A short position in an option is either out-of-the-money and no payment is due, or it is in-the-money and the short owes payment to the long. Therefore the short position bears NO CREDIT RISK.
Honour willingness as long as it is below or equal to ability – except for the wealthy independent!
Additional compensation arrangement requires both clients and employer give the written approval.
Box Spread: combo of a Bull Call and Bear Put Spread; a non-directional strategy… seeks to exploit arbitrage opportunities between options prices of the same underlying.
Taylor Rule: gives an estimate for central bank interest rate decisions:
R target = R Neutral + 0.5*(GDP expected - GDP trend) + 0.5*(Inflation expected - Inflation target)
When distinguishing between Type I and Type II errors, remember “Type I HORN.”
Type I HO (Null Hypothesis) RN (Reject Null)
Null = Manager adds no value; Reject and conclude that manager adds value when he actually does not.
SAMURAI (For properties of a valid benchmark):
Specified in advance, Appropriate, Measurable, Unambiguous, Reflective of manager’s current opinions, Accountable (Manager), Investable.
Types of benchmarks - MBS FRAC!
Manager Universe - Broad Mrkt indices - Style indices
Factor model - Returns based - Absoute - Custom
If only defense - lack of action or inaction
Ceteris paribus - because of unexpected action/event, all else same
Legal / Regulatory Constraints for Endowments and Foundations: UMIFA and Prudent Investor
ERISA prohibits investment of more than 10% of DB plan assets in the company stock, but NO such law applies to DC plans
Durations: Dfixed-Dfloating>0. To shorten duration take floating Asset (i.e. receive floating and pay fixed)

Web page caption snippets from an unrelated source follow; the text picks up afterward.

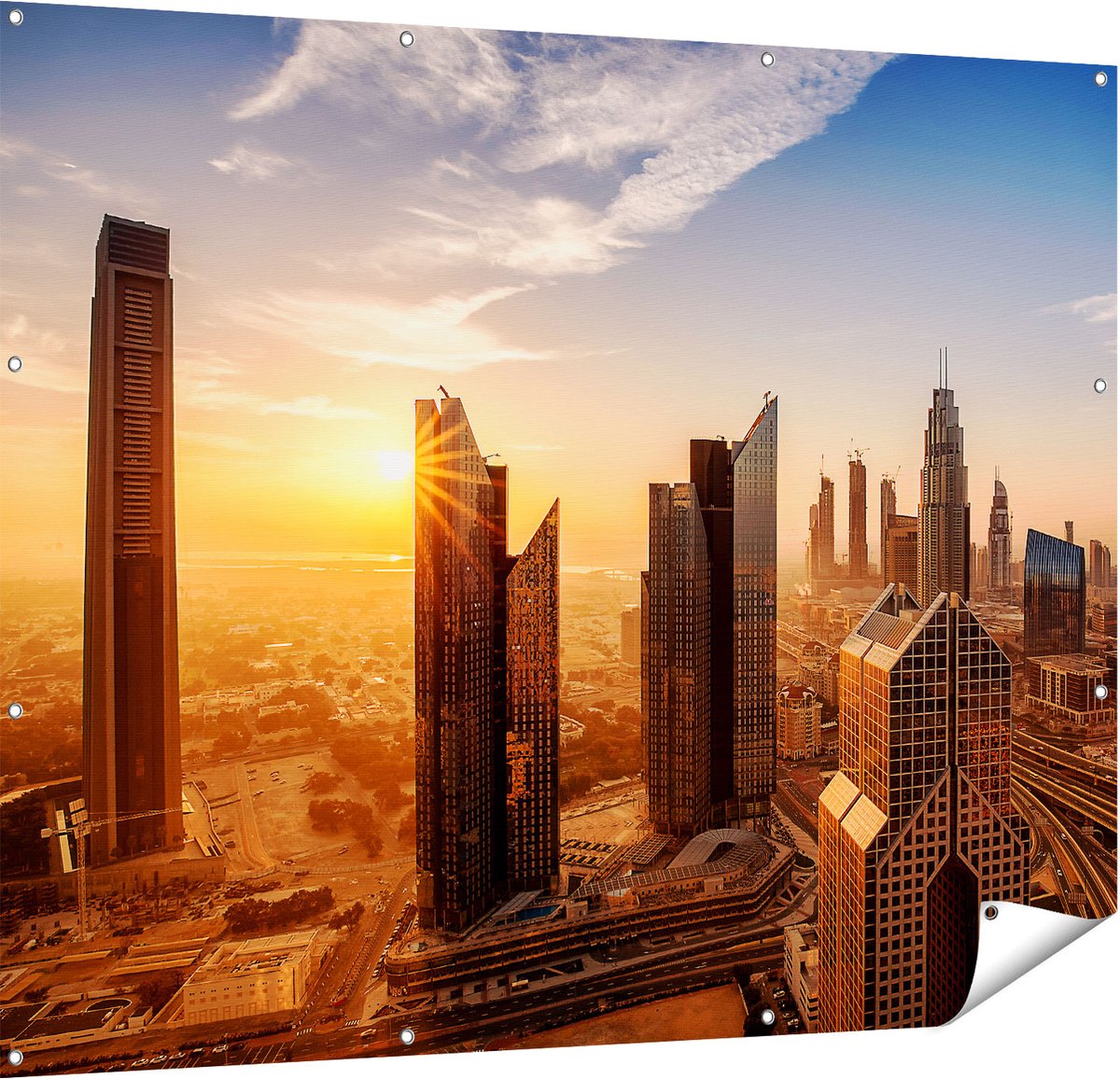 Gards Tuinposter Dubai Stad bij Zonsopgang - 150x120 cm - Tuindoek - Tuindecoratie - Wanddecoratie buiten - Tuinschilderij Multikleur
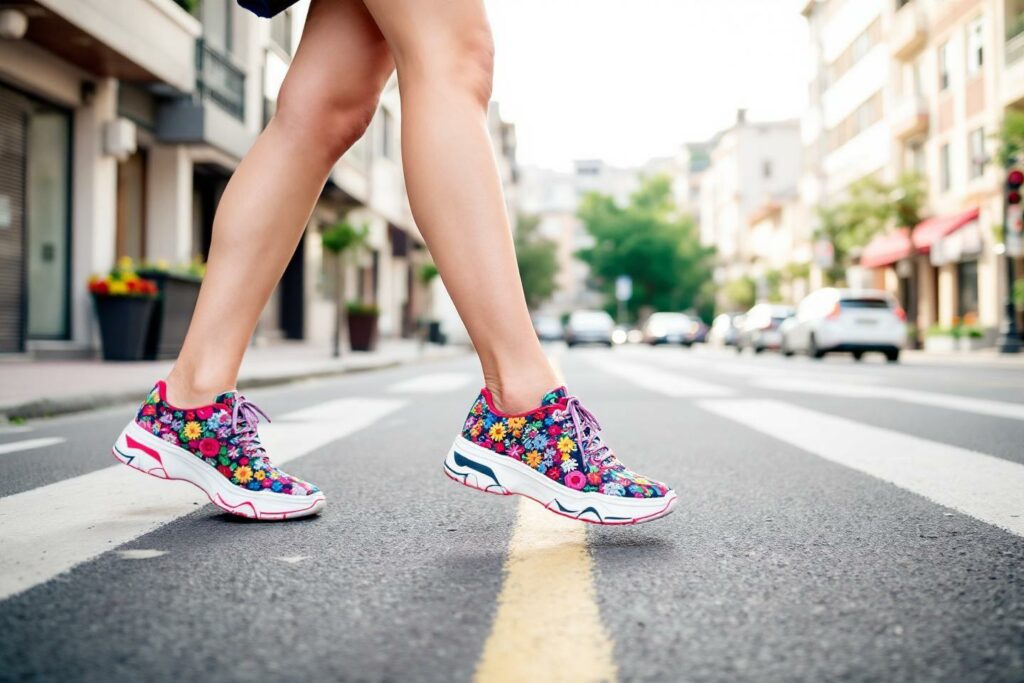 Jambes et chaussures colorées traversant une rue urbaine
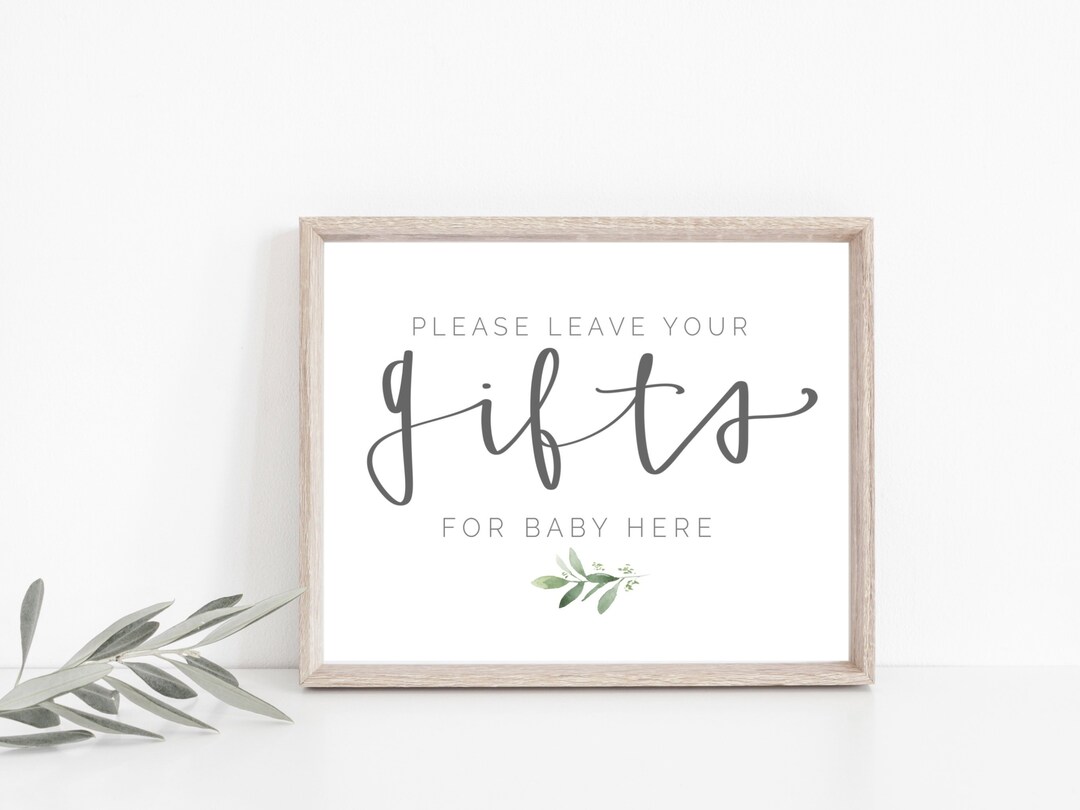 GIFTS Baby Shower Sign Printable Baby Shower Decorations Greenery Baby ...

Claw back provision: If PE sponsor received early distribution but failed to deliver the expected profit; he has to give back money.

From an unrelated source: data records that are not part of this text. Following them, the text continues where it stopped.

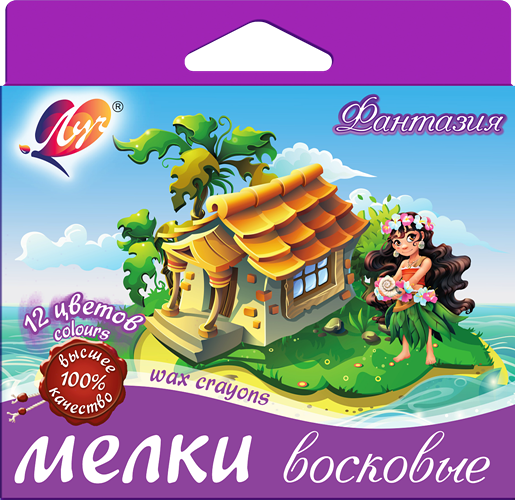 Мелки восковые Луч Фантазия на масляной основе, 12 цветов, в ассортименте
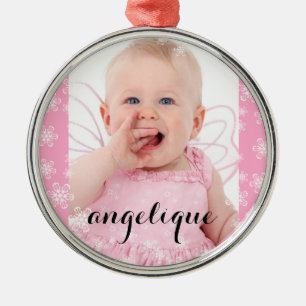 Schöne Baby-Foto-Weihnachtsschneeflocken Silbernes Ornament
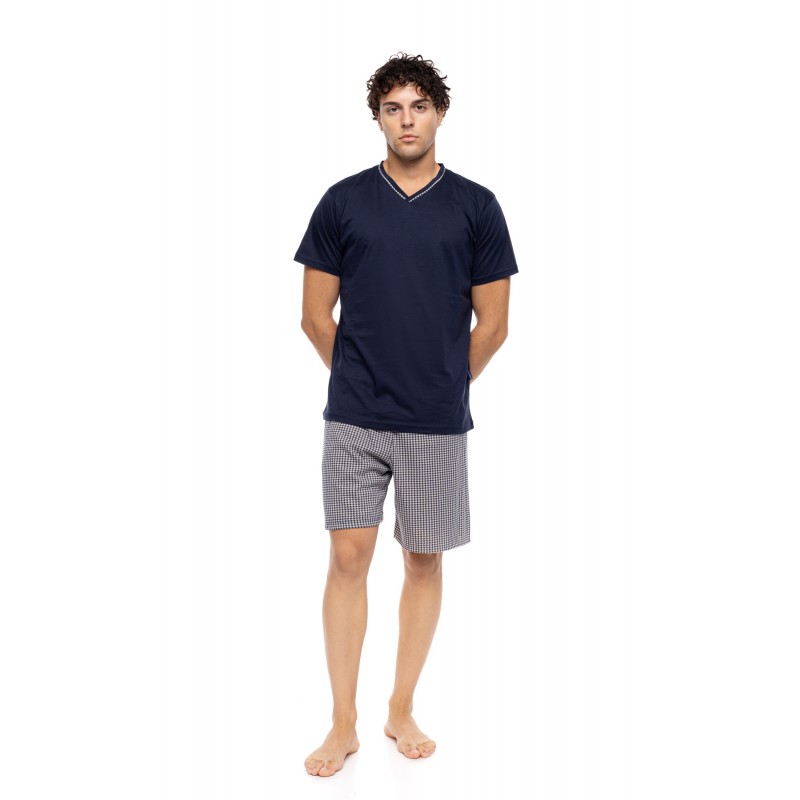 S-M605 - Yacht Blue - PYJAMA V-NECK PETIT PLAID- (S-M605) S-M605 - Yacht Blue - PYJAMA V-NECK PETIT PLAID- (S-M605)
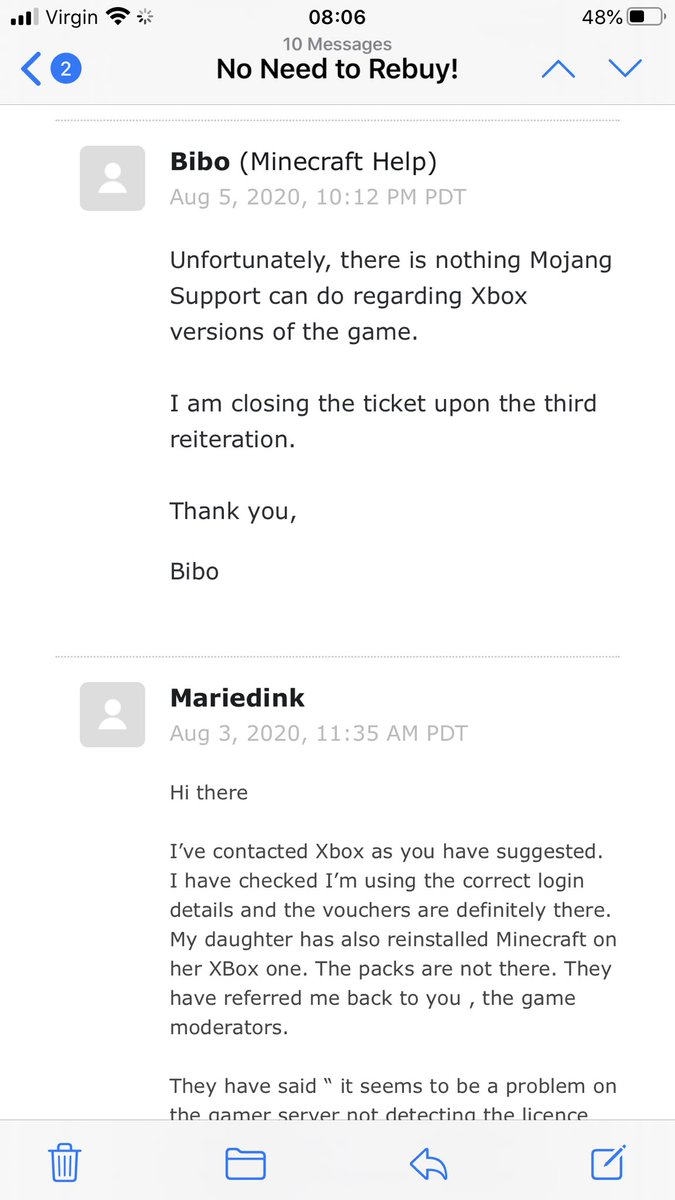 HarnettMarie's tweet photo. @MojangSupport @XboxSupport @Xbox so this is where I’m at after 8 months of waiting. Xbox saying I need to contact Majong and vis versa! Any ideas who I can contact to escalate please 🤷🏻‍♀️. https://t.co/PoSBjyNY8P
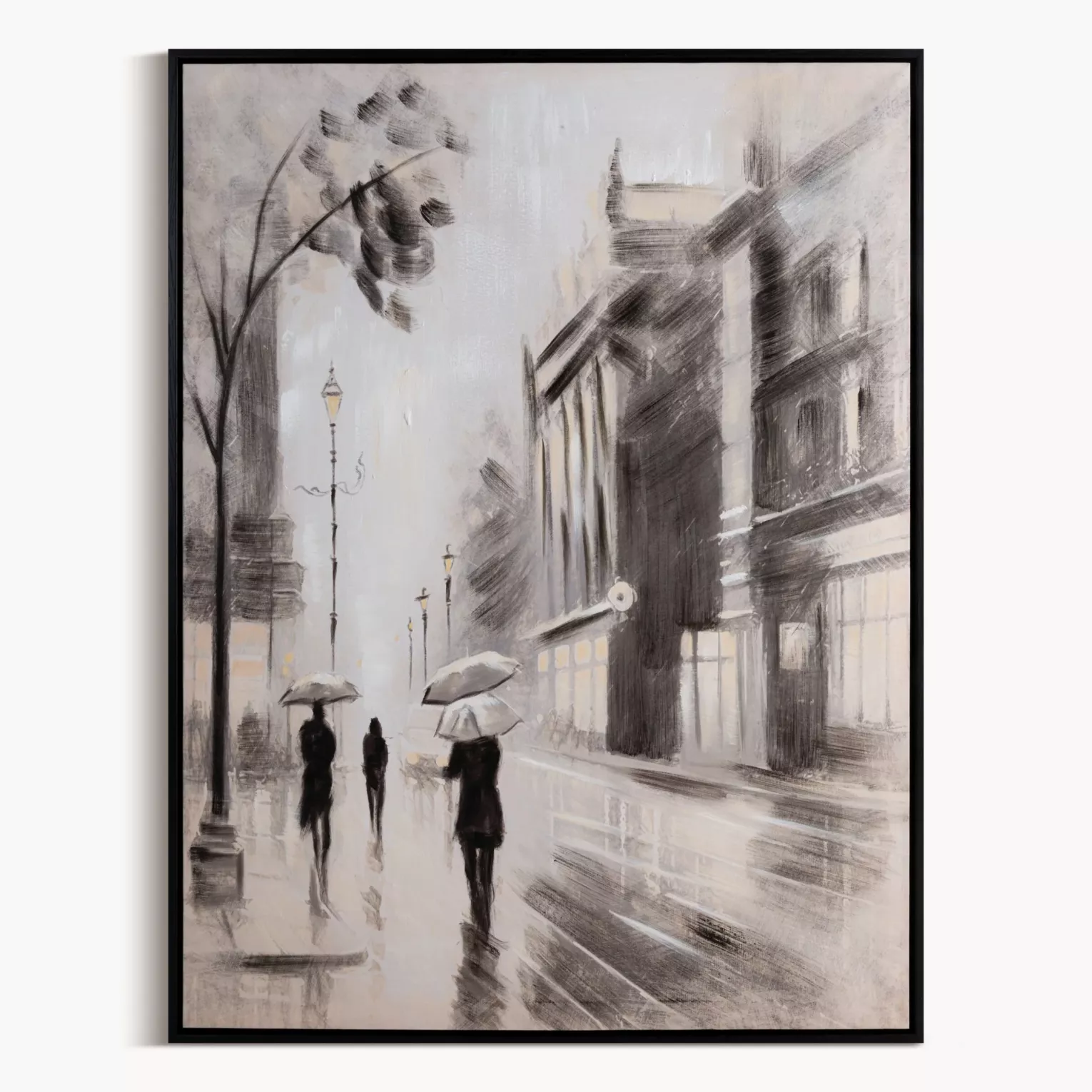 Obraz miasta ciemnoszaro, czarny malowany ręcznie na płótnie, oprawiony w ramę 60x80 cm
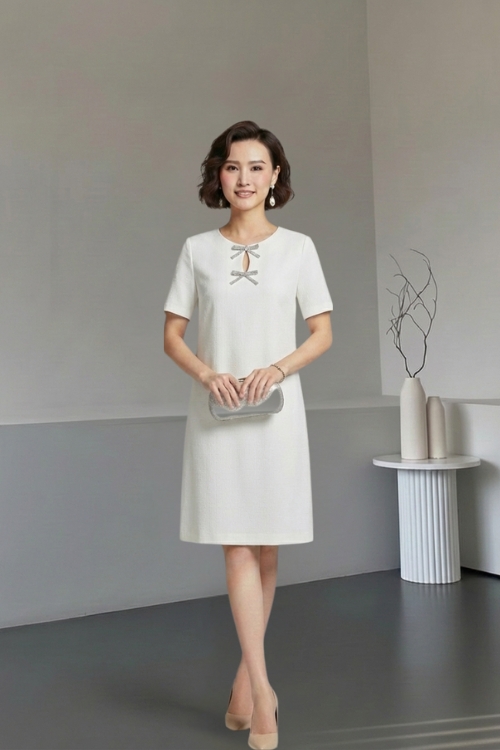 Đầm Suông Nơ Cổ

Private equity has low liquidity and allocation to this class should be 5% or less with a plan to keep the money invested for 7-10 yrs
Adding REITs to stock / bond –> higher return –> marginally lower sd –> higher sharpe ratio
Adding direct real estate investment to stock / bond –> lower return –> significantly lower sd –> higher sharpe ratio
Going long a pay-fixed swap will lower your portfolio duration, while going long a pay-floating swap will increase your portfolio duration.
For a domestic investor, currency risk is about half the risk of foreign stocks and about twice the risk of foreign bonds.
There are four main reasons not to trade bonds - “please stop bothering susan”
please = Portfolio constraints (biggest cause of inefficiency in bond markets)
stop = story disagreements
bothering = buy and hold
susan = seasonality
There are eight main reasons to trade bonds - “really can cook, no salt you say?”
really = relative value pick up (biggest reason)
can = credit upside
cook = credit defence
no = new issue trades
salt = secot-rotation trades
you = yield curve pickups
say? = structure trades
Distressed Debt Arbitrage = long debt and short equity of the same company.
Total Active Return = True active return + Misfit active return
true = Manager return - Normal port return
misfit = Normal port return - Benchmark
Increase in Age -> Lower demand for life insurance
Higher risk aversion -> Higher demand for life insurance
Greater initial wealth -> Lower demand for life insurance
Stronger Bequest Motive -> Higher demand for life insurance
Stock-based compensation and bonuses: Complements
Explicit Incentives and Implicit Incentives: Substitutes
In a non-trending market, Constant Mix outperforms Buy-and-Hold outperforms CPPI
In a trending market, CPPI outperforms Buy-and-Hold outperforms Constant Mix
Investor’s Utility Adjusted Return = Expected Return Portfolio - 0.005 * Risk Aversion Score * Portfolio Variance
“(Insert name of firm) has prepared and presented this report in compliance with the Global Investment Performance Standards (GIPS®).”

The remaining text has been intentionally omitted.